At that time I found Love Fraud, sometime in the middle of that summer of 2007 and I stopped posting there (they never did ban me I just quit) and came here to LF. I was still pretty nervous, but a few weeks after I started here I got flamed by a passing troll, she got both me and Aloha really badly (Aloha was one of the very earliest posters here but still raw) and Donna contacted both of us and banned the troll, and slowly I got to where I realized that THIS SITE was not like the old one, that this site was not abusive.
There have been trolls pass through here from time to time, and they used to bother me, I wanted to “tell’em off” but now I just for the most part ignore them. I started the “potted plant” (ignore them) movement and Sky started the “gray rock” (be boring) movement and donna added the “report abusive comment” link….and so trolls are pretty easily spotted now and taken care of…even people who are just continually irritating.
Donna is open to discussions of religion, but not to the “believe my way or you are doomed for hell” kind of “discussions” and I do for one think that a SPIRITUAL aspect of us as humans is important to our healing…whatever form that spiritual aspect takes. Toleration of diverse views is the hall mark of LoveFraud, whatever rings your chimes and helps you is okay. We have to find some kind of personal meaning in life and the things that happen to us along the way.

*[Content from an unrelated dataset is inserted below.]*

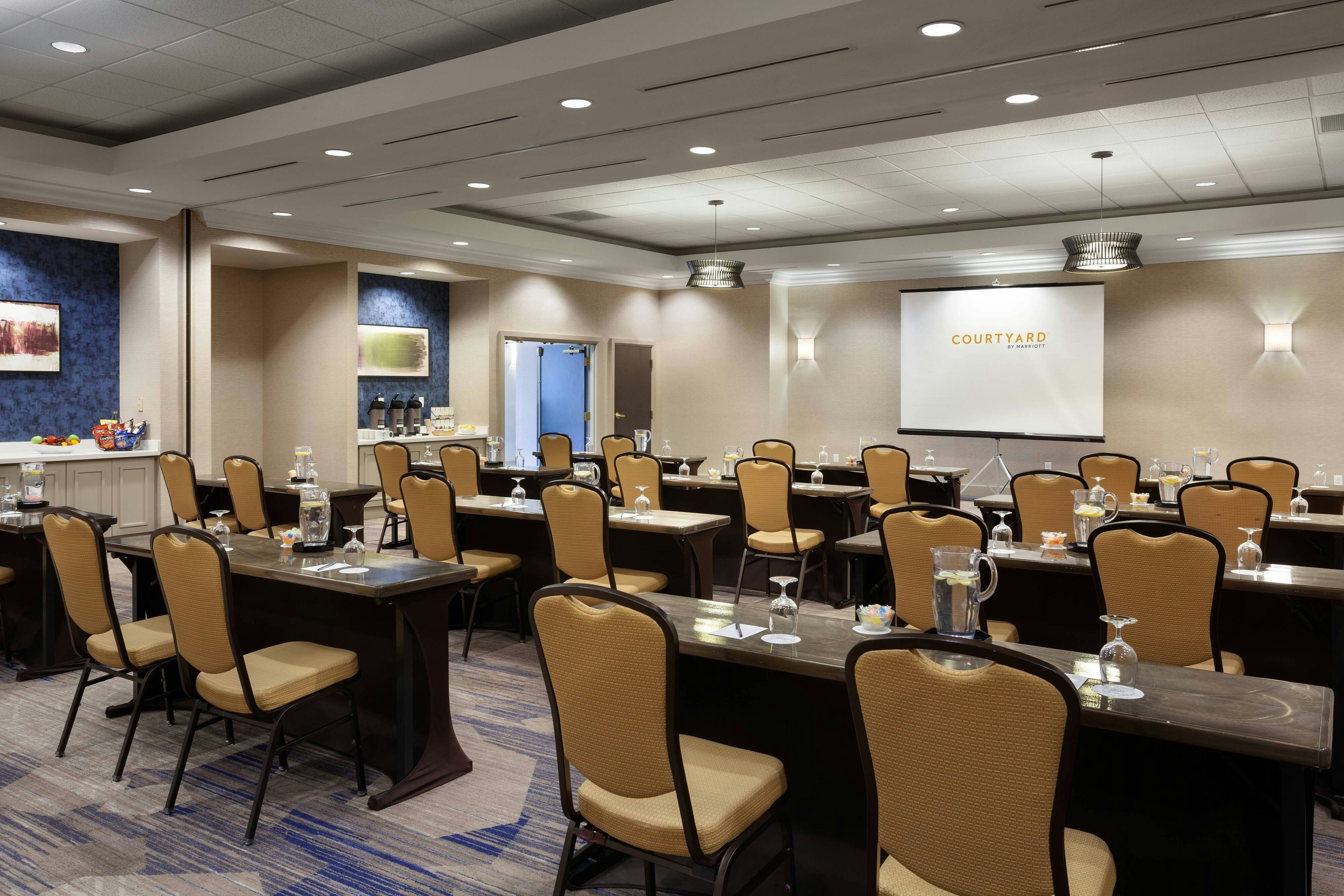 Courtyard by Marriott Orlando Lake Buena Vista in the Marriott Village 24/33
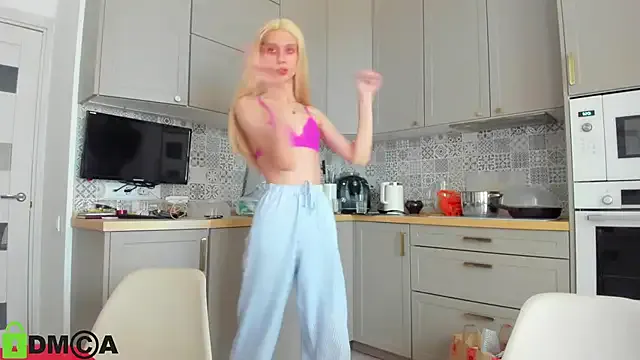 Playful_Adriana – webcam model profile photo Image 15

I know there are other “support” blogs out there and I occasionally read them but no longer post anywhere but LF.
I so agree about the spiritual componant to healing! But, I can also understand the cringing of some people as a reaction to Christianity, (or any other kind of dogma) if they feel they’ve been conned by it. It takes a while to trust, again, and to find our own paths.
I know sometimes I can be a little dogmatic about my own beliefs. I can take it personally if someone doesn’t agree with me. I’m usually set straight in a gentle way, here at LF, and it isn’t long til I’m feeling fine again.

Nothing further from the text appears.